▶ **Try it**
What is needed is a word-for-word copy of the lines below from the one with "2021 Cadillac Escalade Sport" through the one with "The Voice: Mỹ", both included, with every picture left out.
(Beginning of Data records)
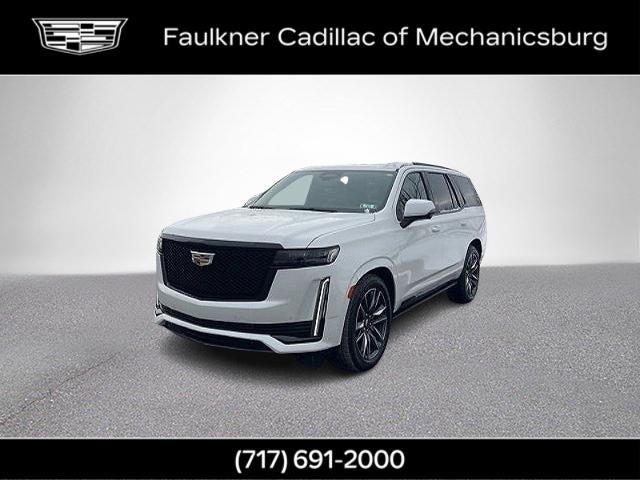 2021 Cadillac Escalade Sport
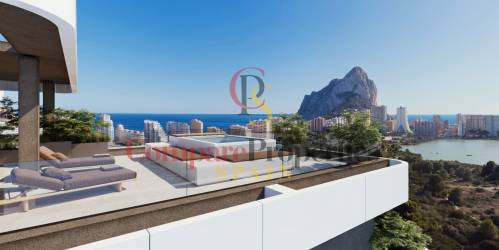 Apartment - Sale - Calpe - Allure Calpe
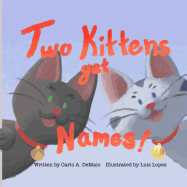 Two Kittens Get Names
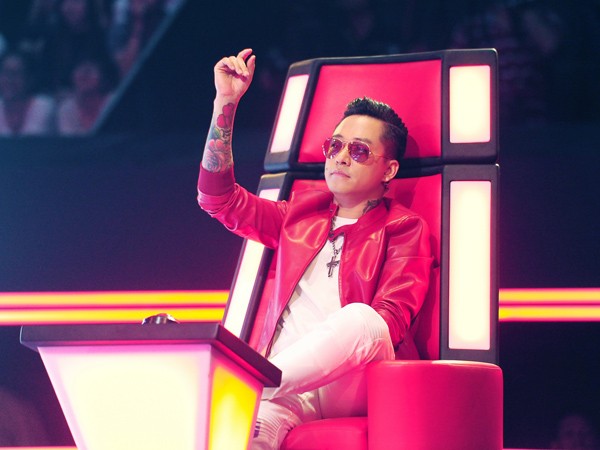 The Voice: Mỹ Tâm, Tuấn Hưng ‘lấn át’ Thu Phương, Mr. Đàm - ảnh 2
(End of Data records)
(Beginning of Data records)
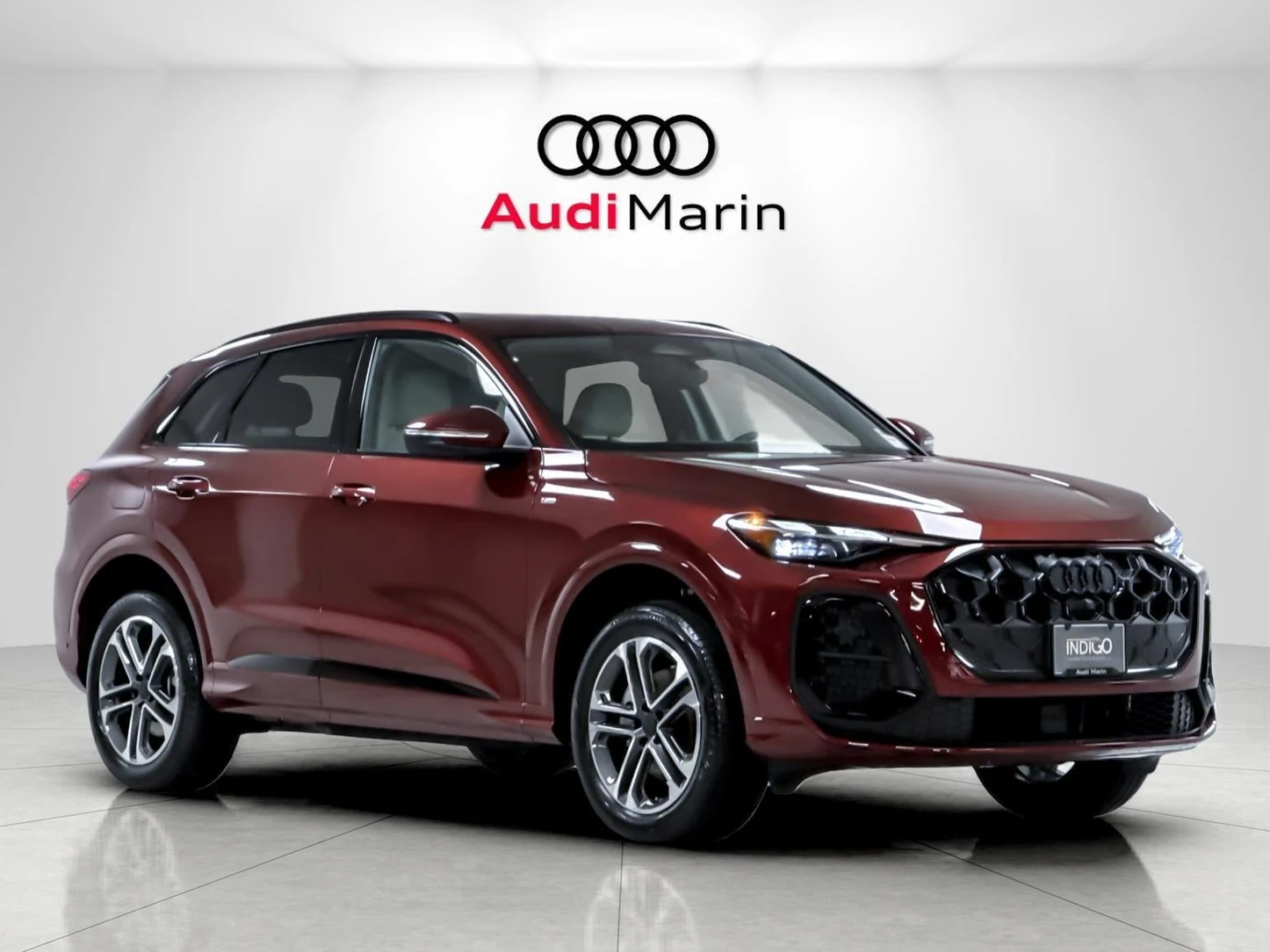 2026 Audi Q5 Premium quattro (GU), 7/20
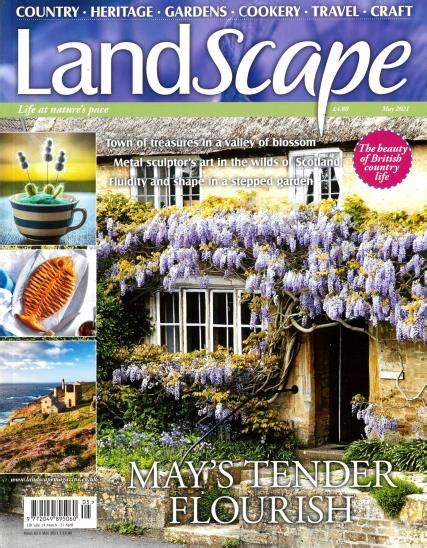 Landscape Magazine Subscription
(End of Data records)
(Beginning of Data records)
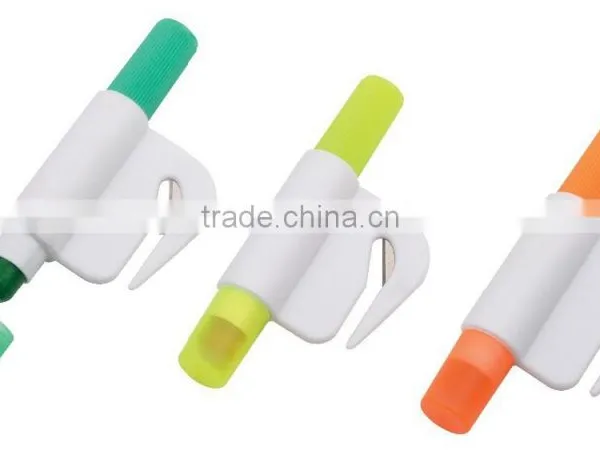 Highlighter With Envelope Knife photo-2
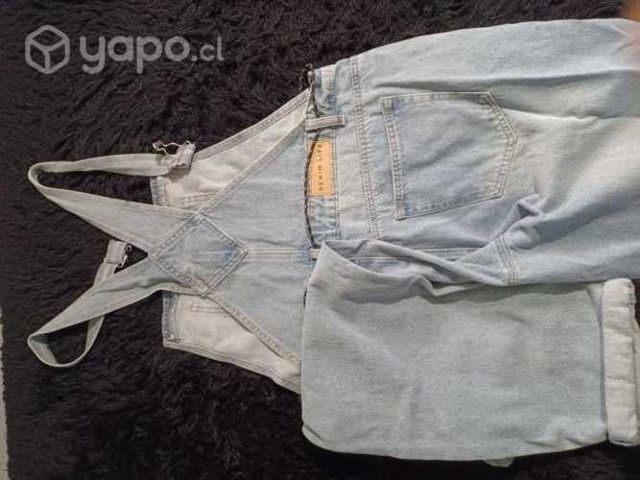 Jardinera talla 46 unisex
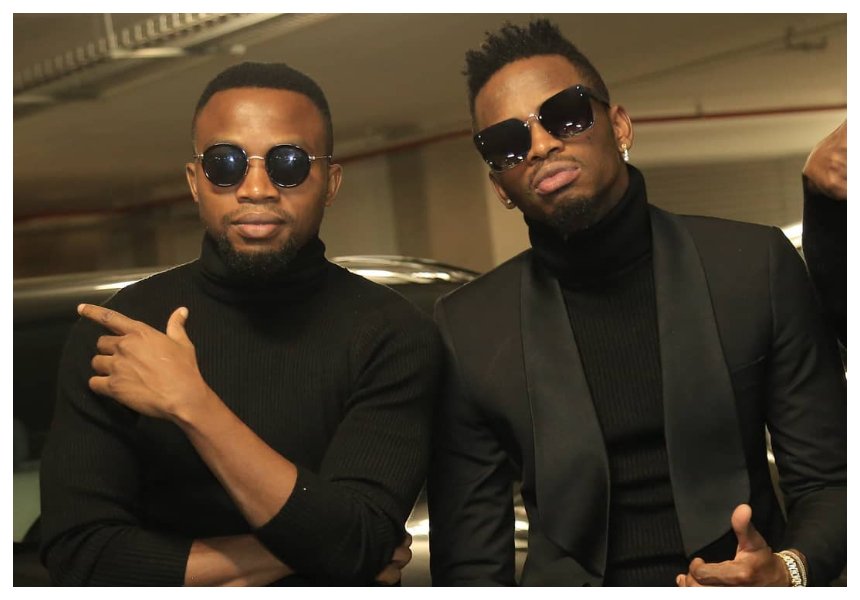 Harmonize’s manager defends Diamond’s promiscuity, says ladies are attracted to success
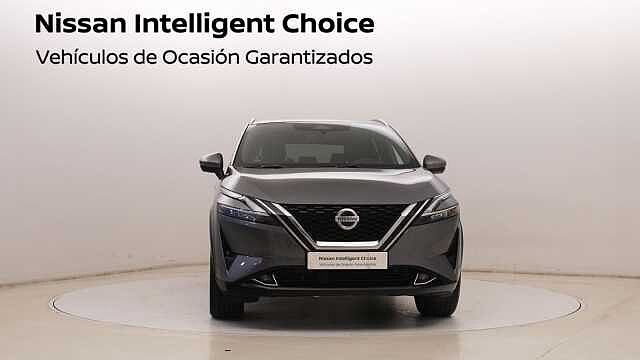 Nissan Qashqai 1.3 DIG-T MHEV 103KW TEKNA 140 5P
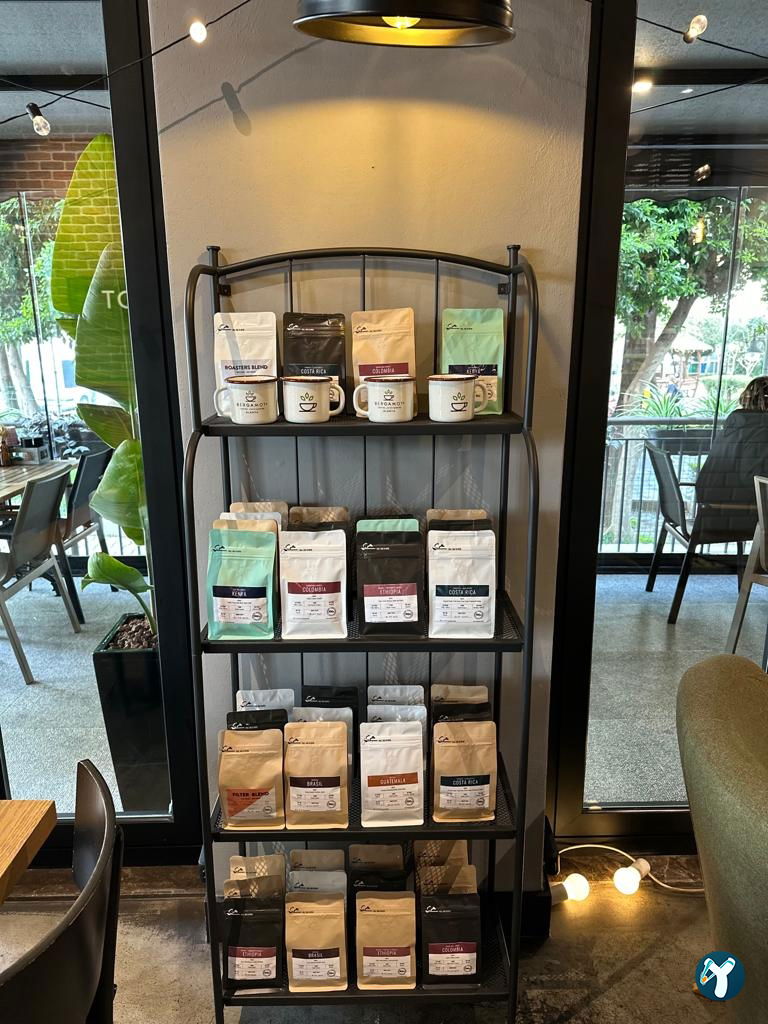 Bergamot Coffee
(End of Data records)
▶ **Answer**
 2021 Cadillac Escalade Sport
 Apartment - Sale - Calpe - Allure Calpe
 Two Kittens Get Names
 The Voice: Mỹ Tâm, Tuấn Hưng ‘lấn át’ Thu Phương, Mr. Đàm - ảnh 2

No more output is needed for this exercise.